* **Problem statement**
Return every line of the data below exactly, but do not include the images.

* **Information shown**
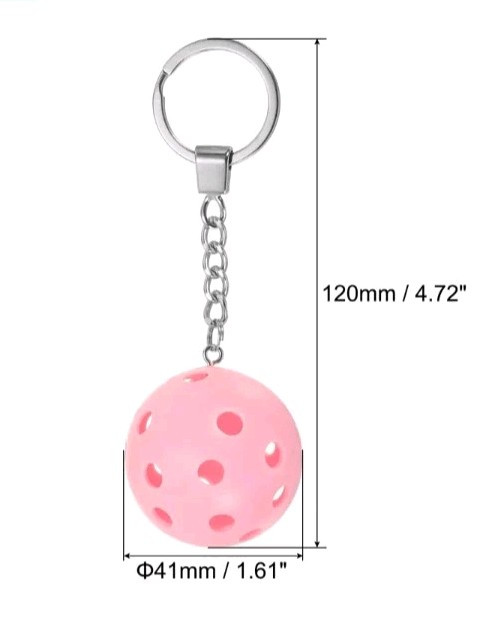 Mini Pink PE Plastic Pickleball Keychain Ornament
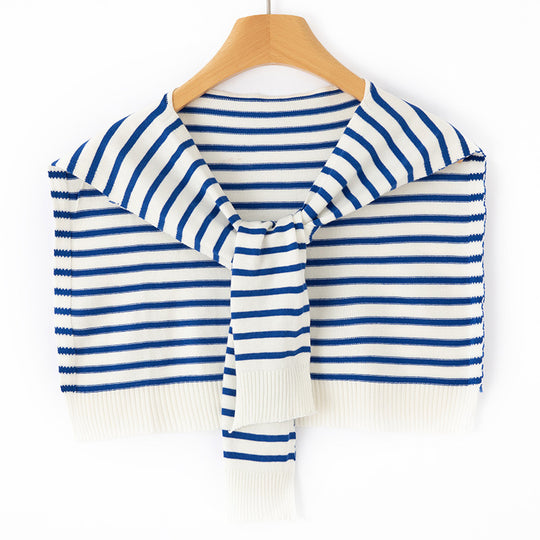 Damen Kurzgestricktes Schultercape zum Binden gestreifte Feinstrick-Wickelstola Shop Nory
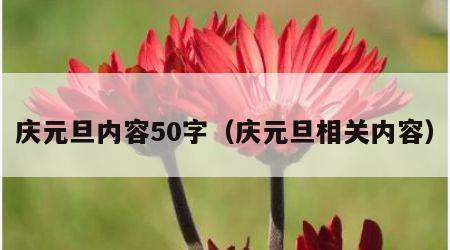 庆元旦内容50字（庆元旦相关内容）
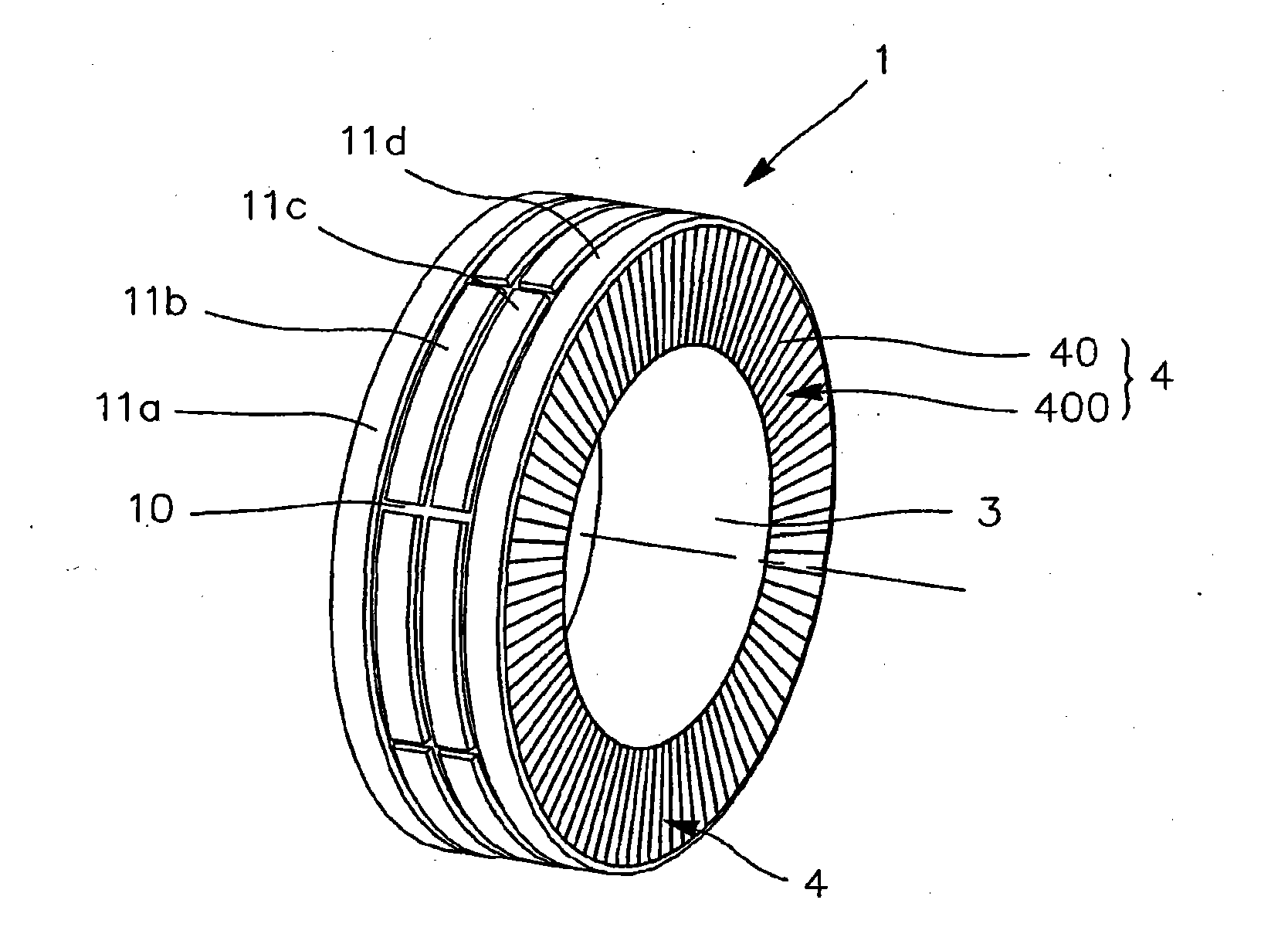 Tyre with shell and carrier structure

* **Answer to this exercise**
 Mini Pink PE Plastic Pickleball Keychain Ornament
 Damen Kurzgestricktes Schultercape zum Binden gestreifte Feinstrick-Wickelstola Shop Nory
 庆元旦内容50字（庆元旦相关内容）
 Tyre with shell and carrier structure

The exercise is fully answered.